**Listed entries**
- - - - - - -

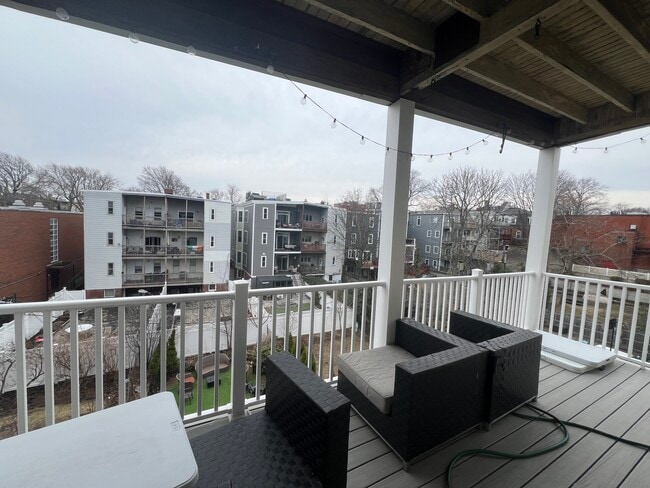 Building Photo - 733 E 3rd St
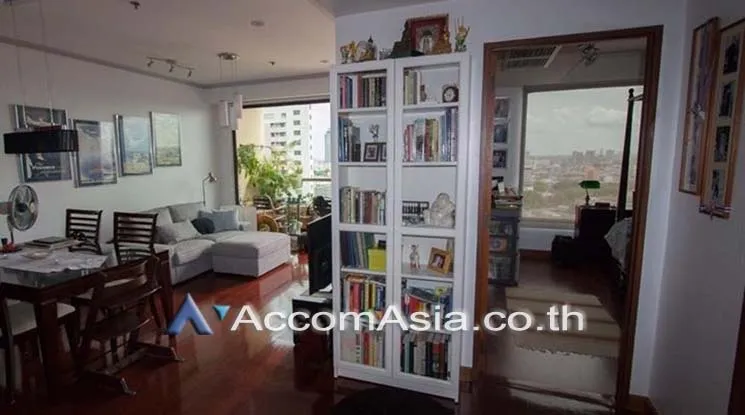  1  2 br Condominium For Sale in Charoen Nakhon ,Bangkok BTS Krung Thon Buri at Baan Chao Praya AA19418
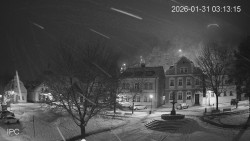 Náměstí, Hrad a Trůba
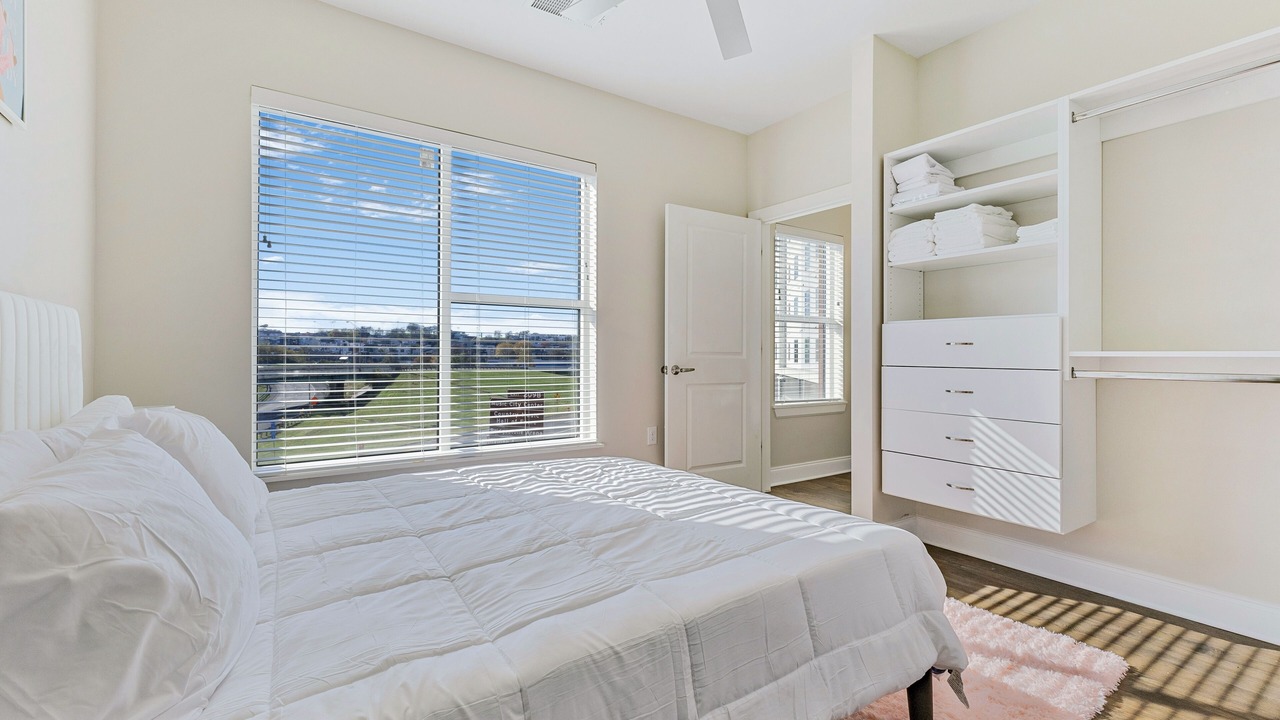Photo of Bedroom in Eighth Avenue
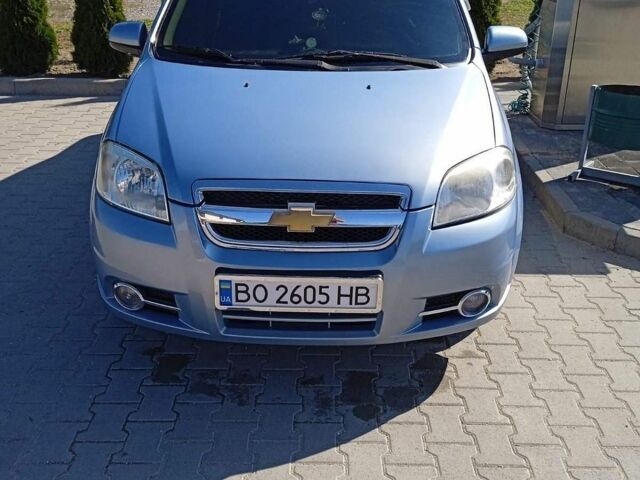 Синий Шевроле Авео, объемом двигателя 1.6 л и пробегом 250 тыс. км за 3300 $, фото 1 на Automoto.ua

- - - - - - -

**What the exercise asks**
Your task is to retype exactly the lines that run from the line with "Photo of Bedroom in Eighth Avenue" through the last line of the material, with the pictures left out.

**Task output**
Photo of Bedroom in Eighth Avenue
 Синий Шевроле Авео, объемом двигателя 1.6 л и пробегом 250 тыс. км за 3300 $, фото 1 на Automoto.ua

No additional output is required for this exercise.